Given information ::
####################
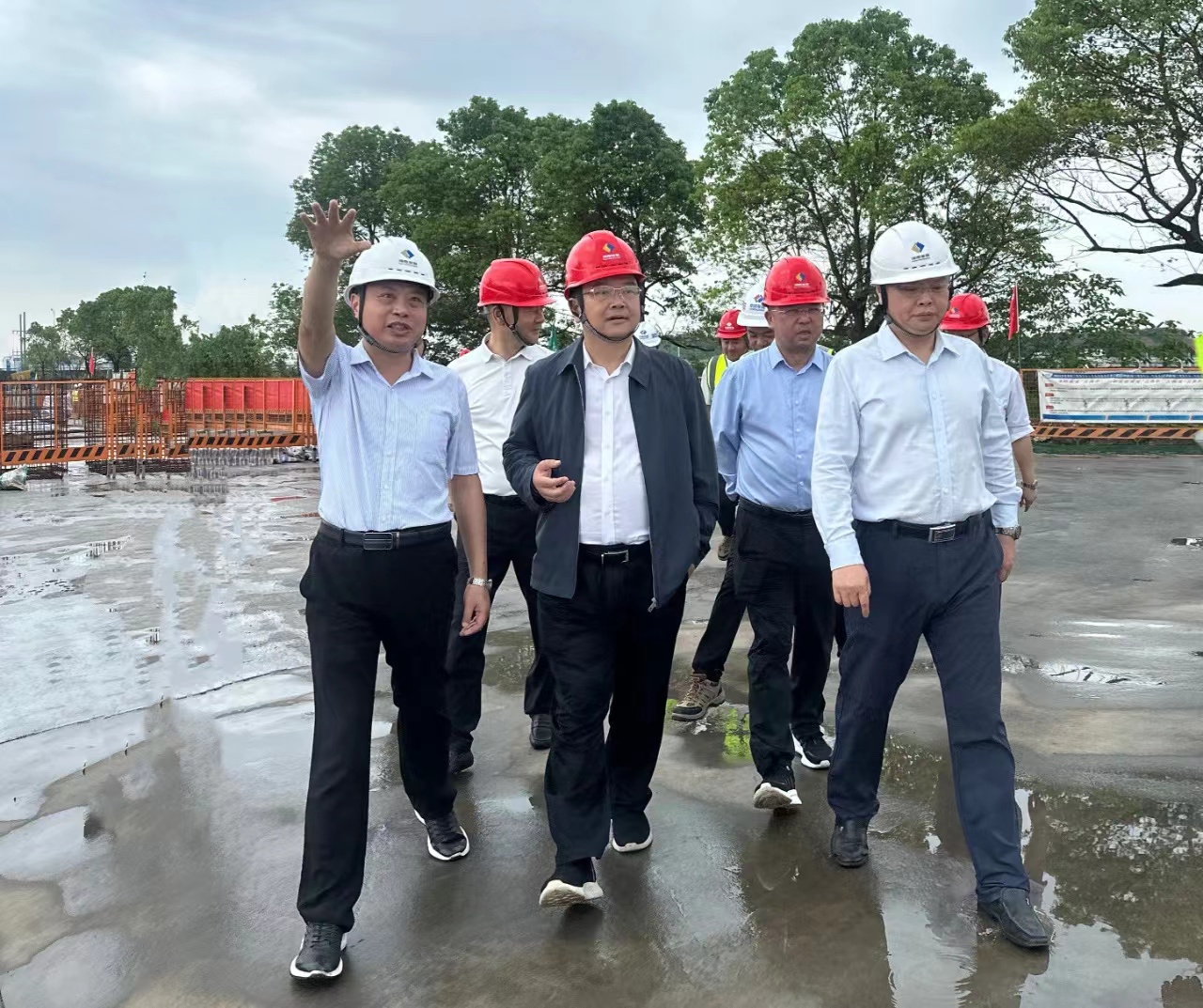 省国资委带队督导检查乐鱼平台_乐鱼（中国）一站式服务平台株洲航电分公司安全生产工作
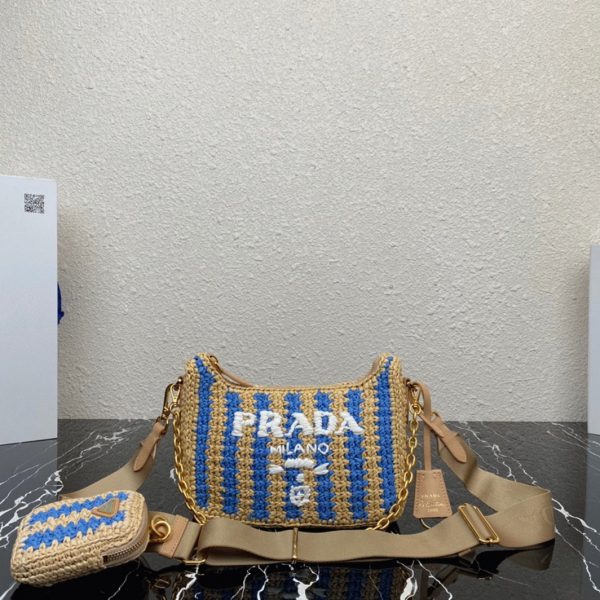 Faux sac Prada Re-Edition en rayures beige et bleu – Image 10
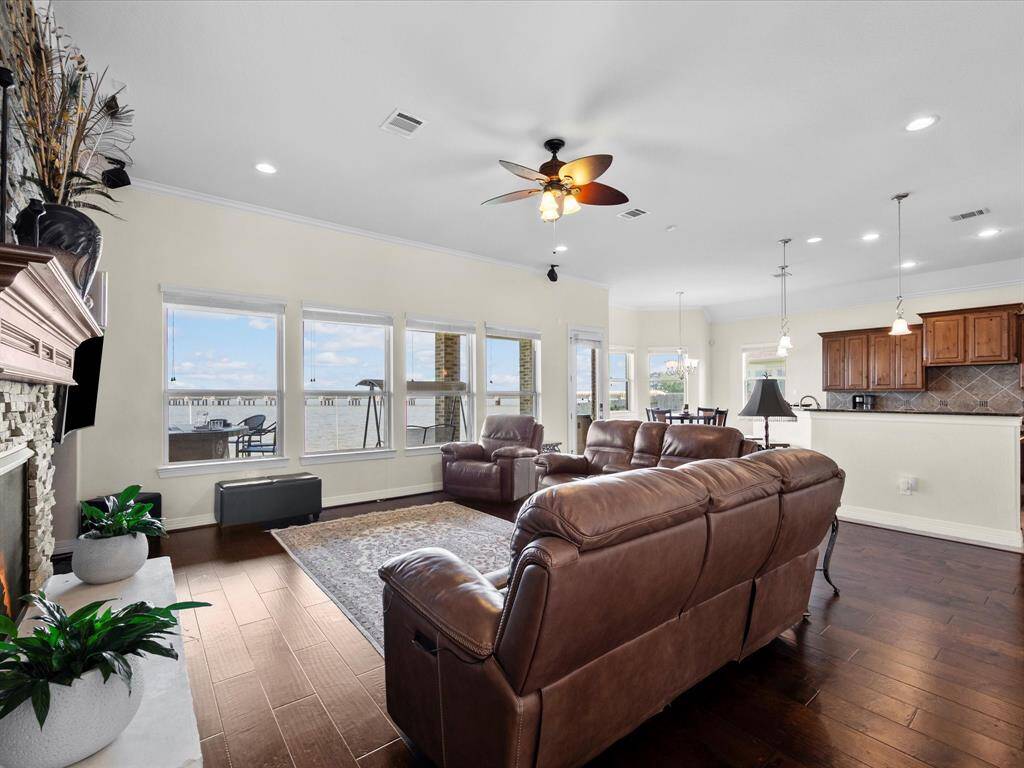 Views of the lake from the living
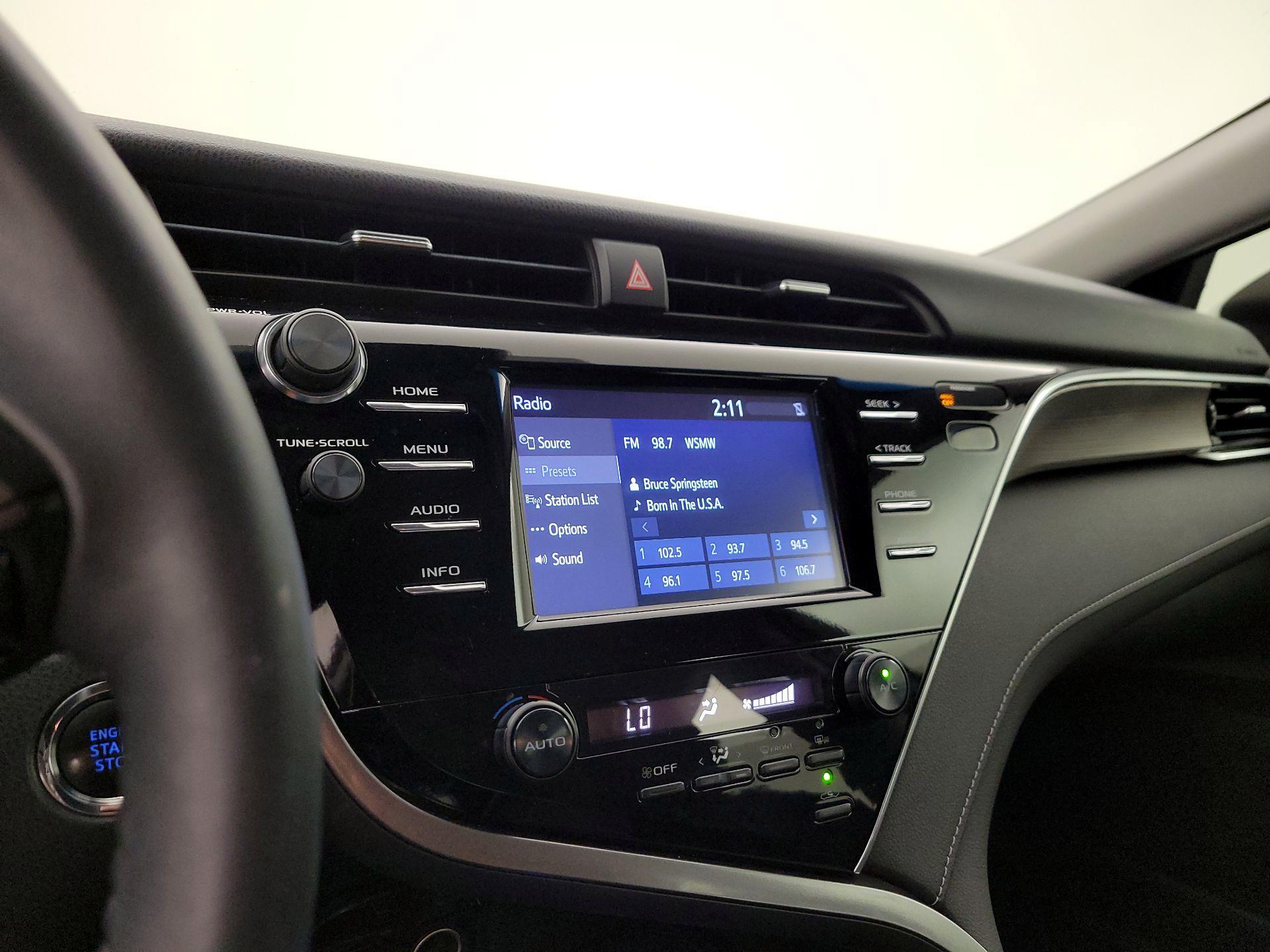 Thumbnail: 2018 Toyota Camry - 15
####################
Problem :: The data must be repeated exactly. Any pictures in it are to be left out.

Solution for this task ::
 省国资委带队督导检查乐鱼平台_乐鱼（中国）一站式服务平台株洲航电分公司安全生产工作
 Faux sac Prada Re-Edition en rayures beige et bleu – Image 10
 Views of the lake from the living
 Thumbnail: 2018 Toyota Camry - 15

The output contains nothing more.